Nouakchott addresses water shortages

27 October 2006
State water company Societe Nationale de l'Eau (SNDE) has awarded a consortium of Moroccan state water company Office National de l'Eau Potable (ONEP) and France's Societe Canal de Provence (SCP) the contract to provide technical assistance on a $220 million project to supply drinking water to Nouakchott for the next 30 years.
The project aims to boost water supply to the city to 170,000 cubic metres a day (cm/d) from 50,000 cm/d.
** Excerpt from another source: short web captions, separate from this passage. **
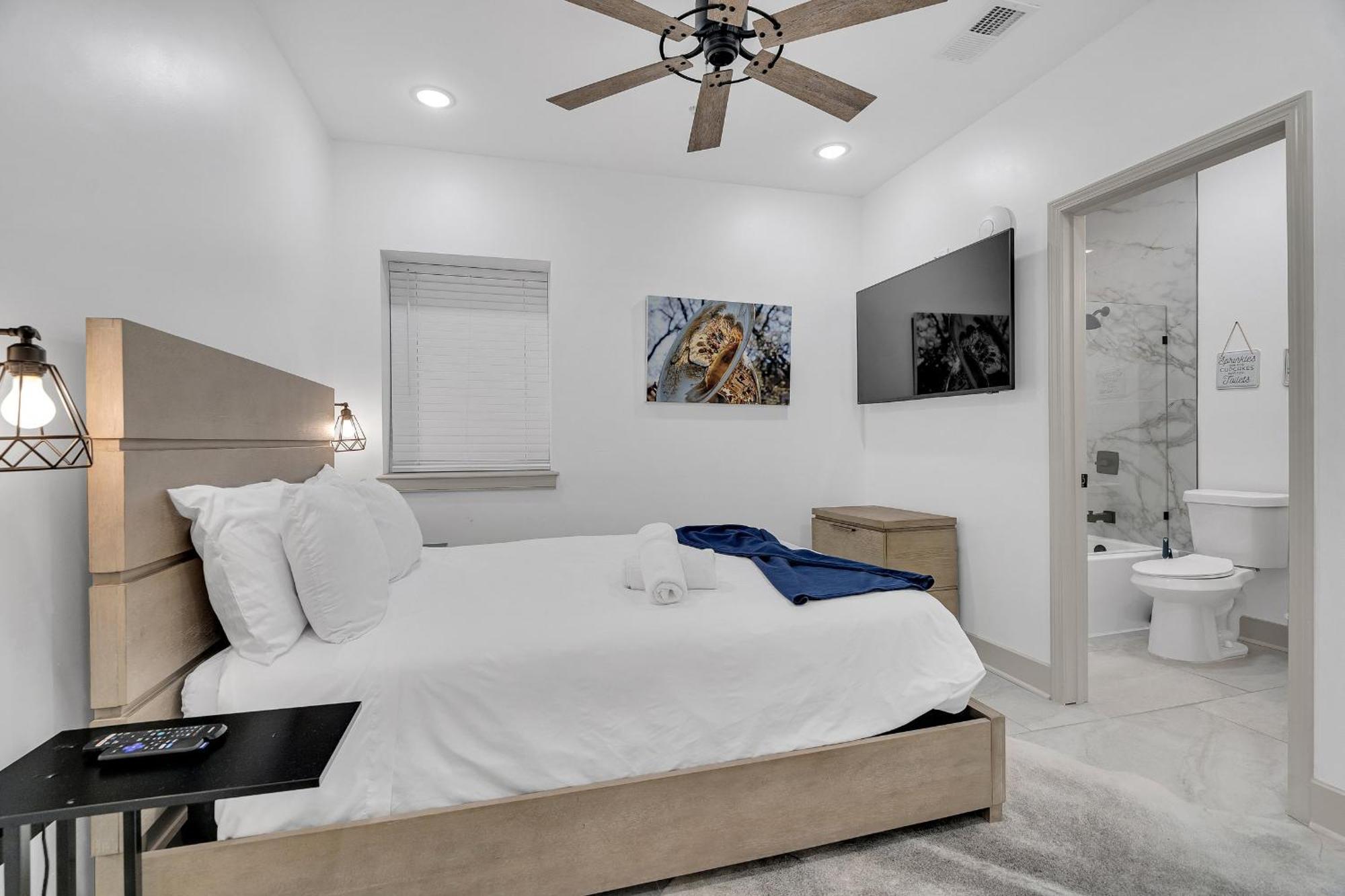 Sleeps 24-spacious Near Fq W Pool Hotel *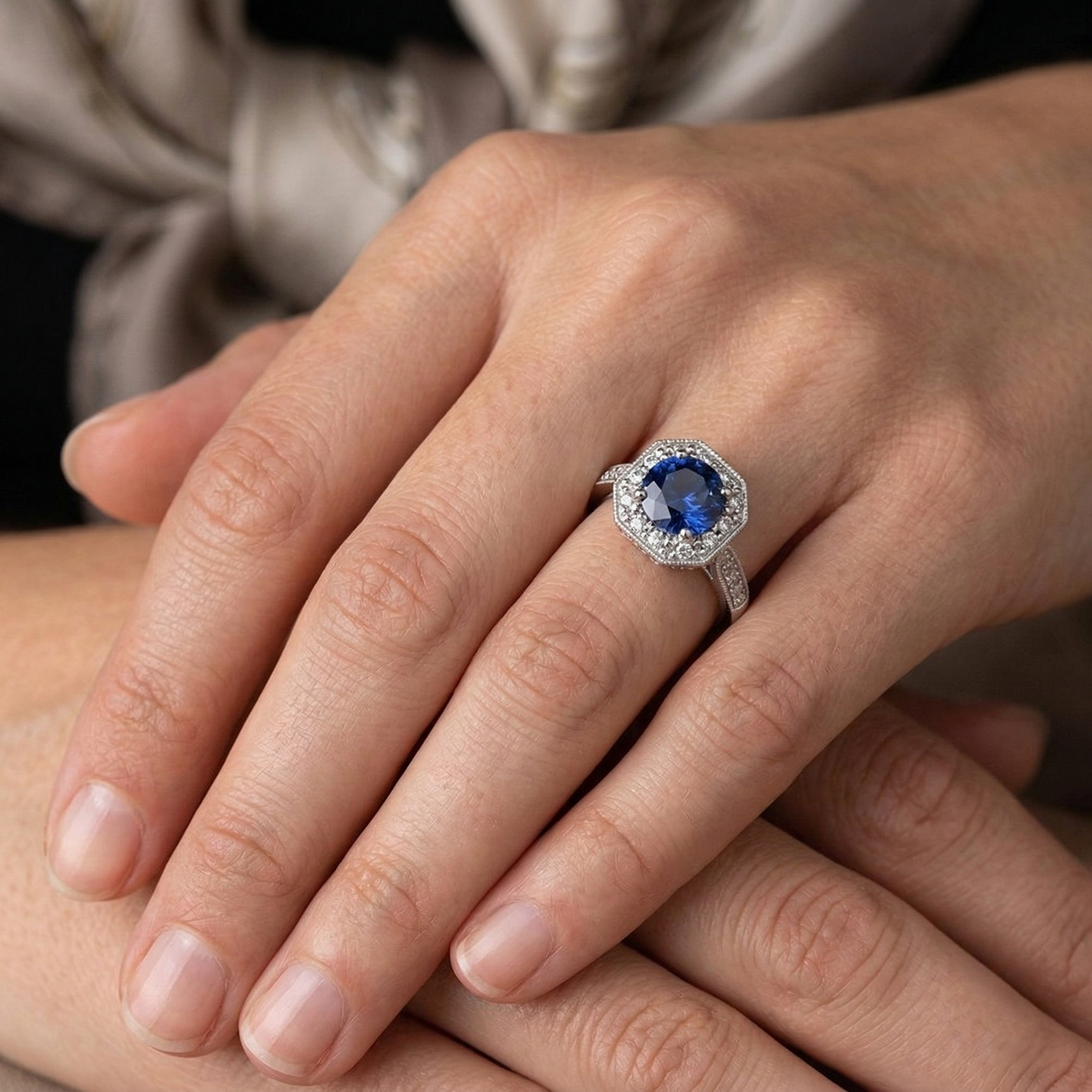 Anello con zaffiro dello Sri Lanka da 3,35 carati e diamanti in oro bianco 14K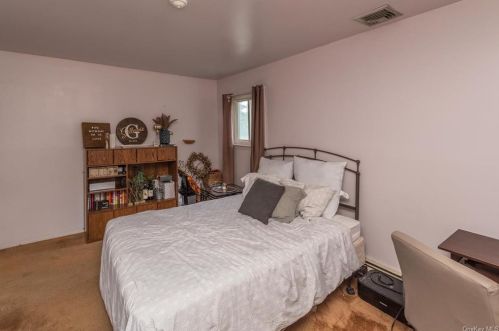 40 Scott Dr, Middletown NY  10941-1133 exterior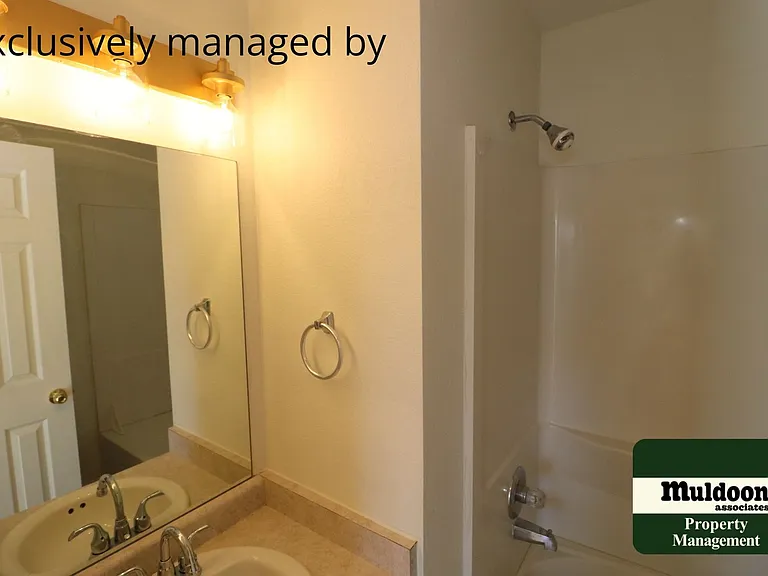 1112 Silverqueen Rd — Photo 8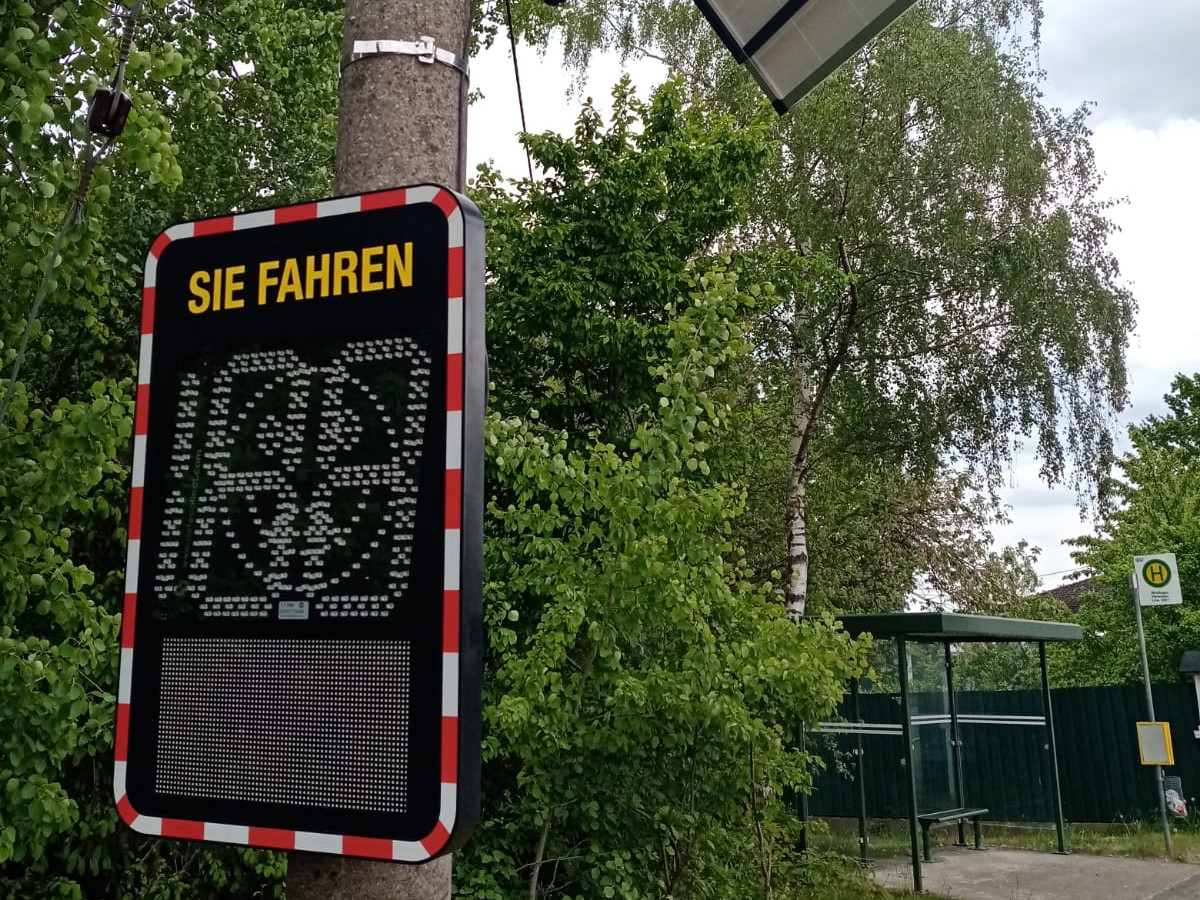 Bitte Lcheln! Stationre Geschwindigkeitsanzeige steht jetzt am Ortseingang Windhagen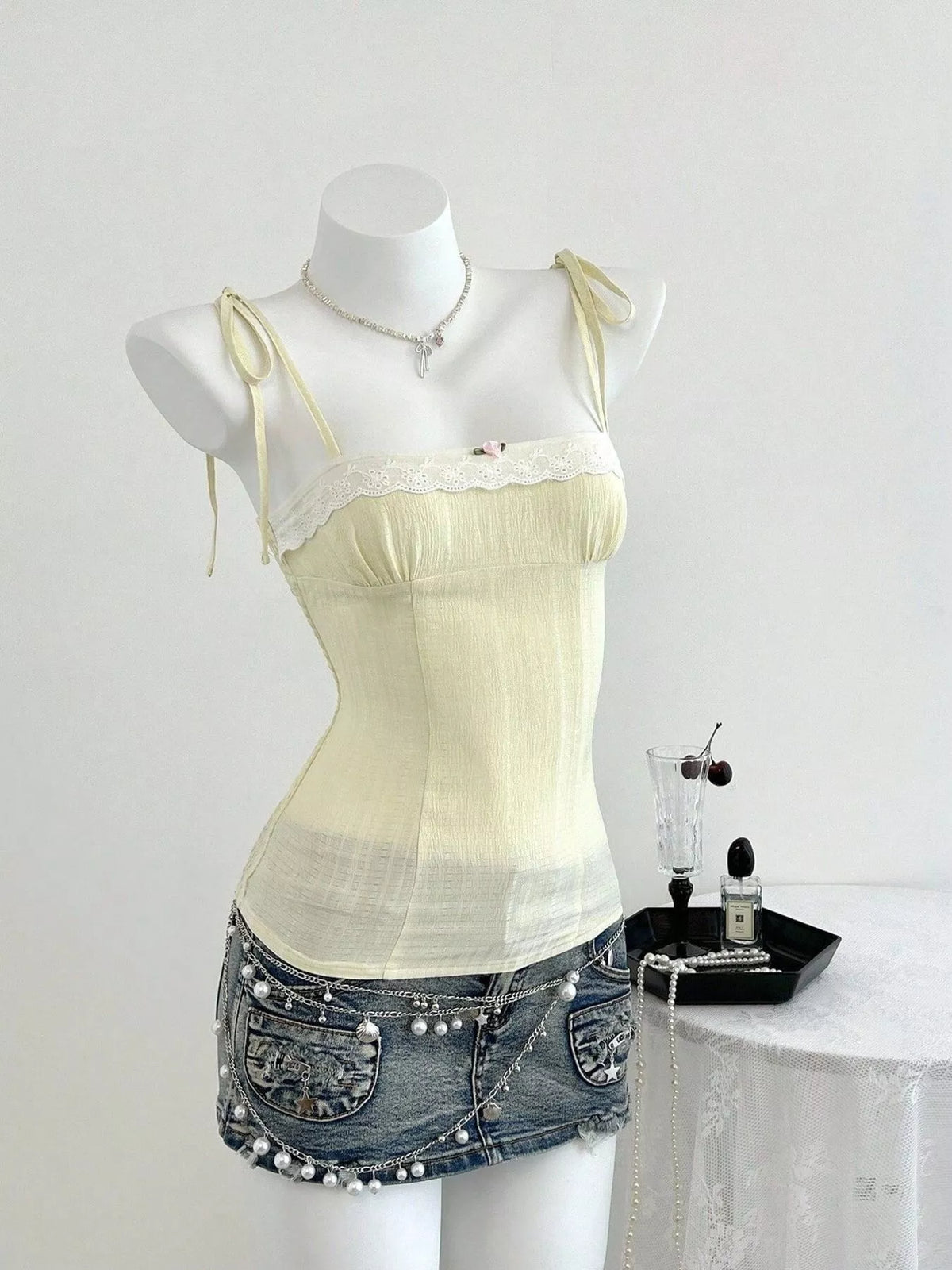 Lace-trimmed Tie Shoulder Cami (3)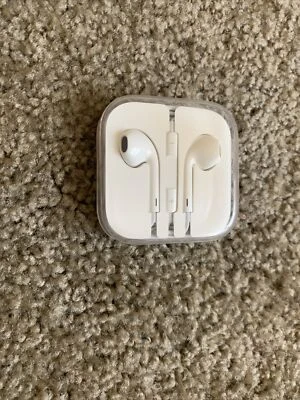 Original OEM Apple Wired iPhone iPad iPod Ear Buds with Case White 3.5mm New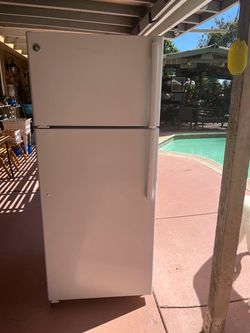 GE Refrigerator, good condition!
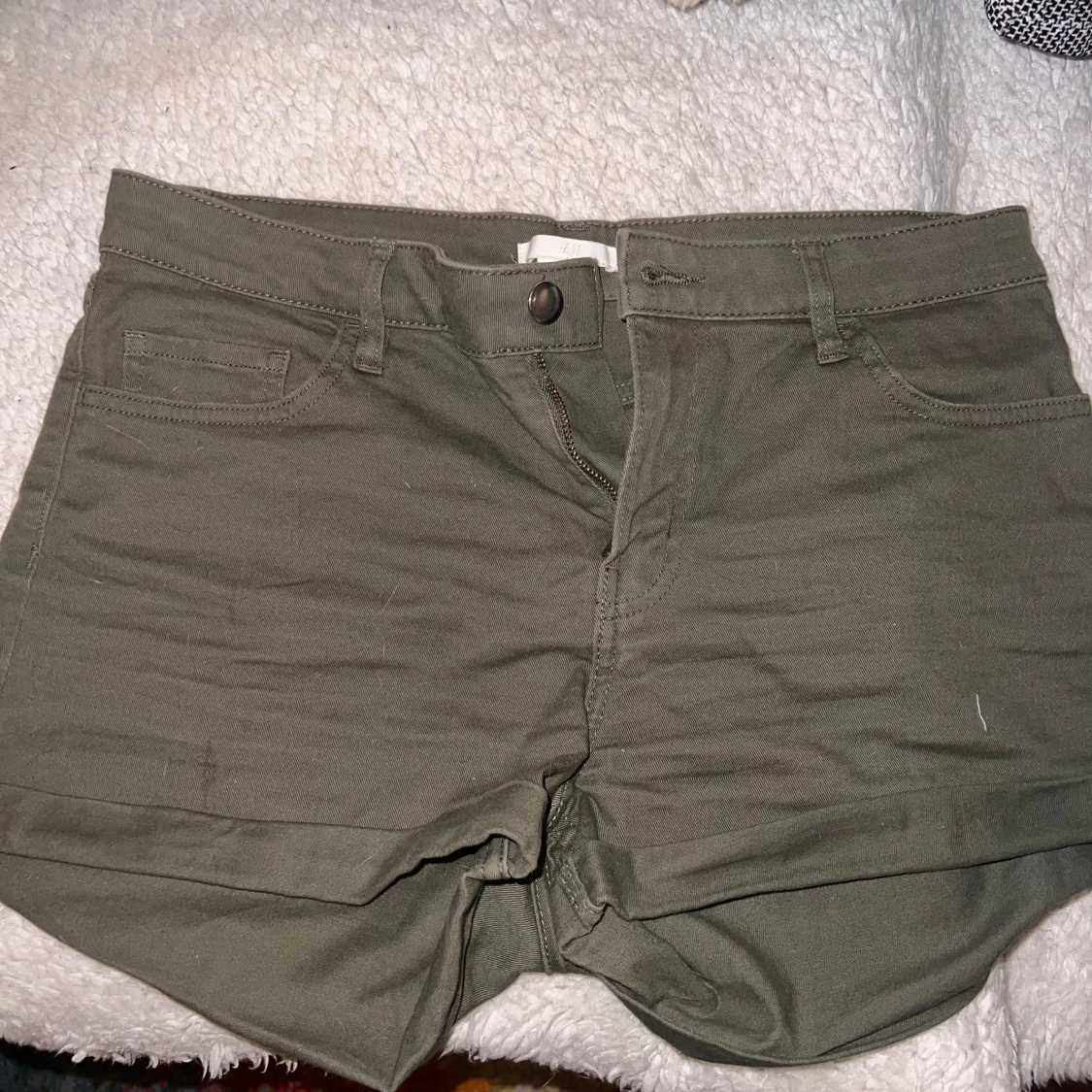 Olivgröna shorts från H&M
It calls for the construction of a 129,000-cubic-metre reservoir, a 3.1-cubic-metre-a-second drainage pump to divert water from the River Senegal, a

water treatment station, water supply networks for people living near the treatment station and a four-pump pumping station and water treatment plant in Nouakchott.

The contract is being financed by the Mauritanian government and a number of development banks, including the Arab Fund for Economic & Social Development, the Islamic Development Bank and the Kuwait Fund for Arab Economic Development.

A consortium of SCP, The Associated Engineering Partnership (TAEP) of Kuwait and the local Bureau Africain d'Etudes et de Controle en Mauritanie (Afrecom) was awarded in 1998 a six-year contract to carry out initial design studies on the project. The designs envisaged increasing drinking water supply to the capital to 150,000 cm/d by 2020 and to 225,000 cm/d by 2030.

The contract is ONEP's first venture outside the kingdom and is part of the company's strategy to operate internationally in order to share its expertise with countries in sub-Saharan Africa and the Middle East and North Africa. The population of Nouakchott is expected to double in the next 20 years to 1 million inhabitants.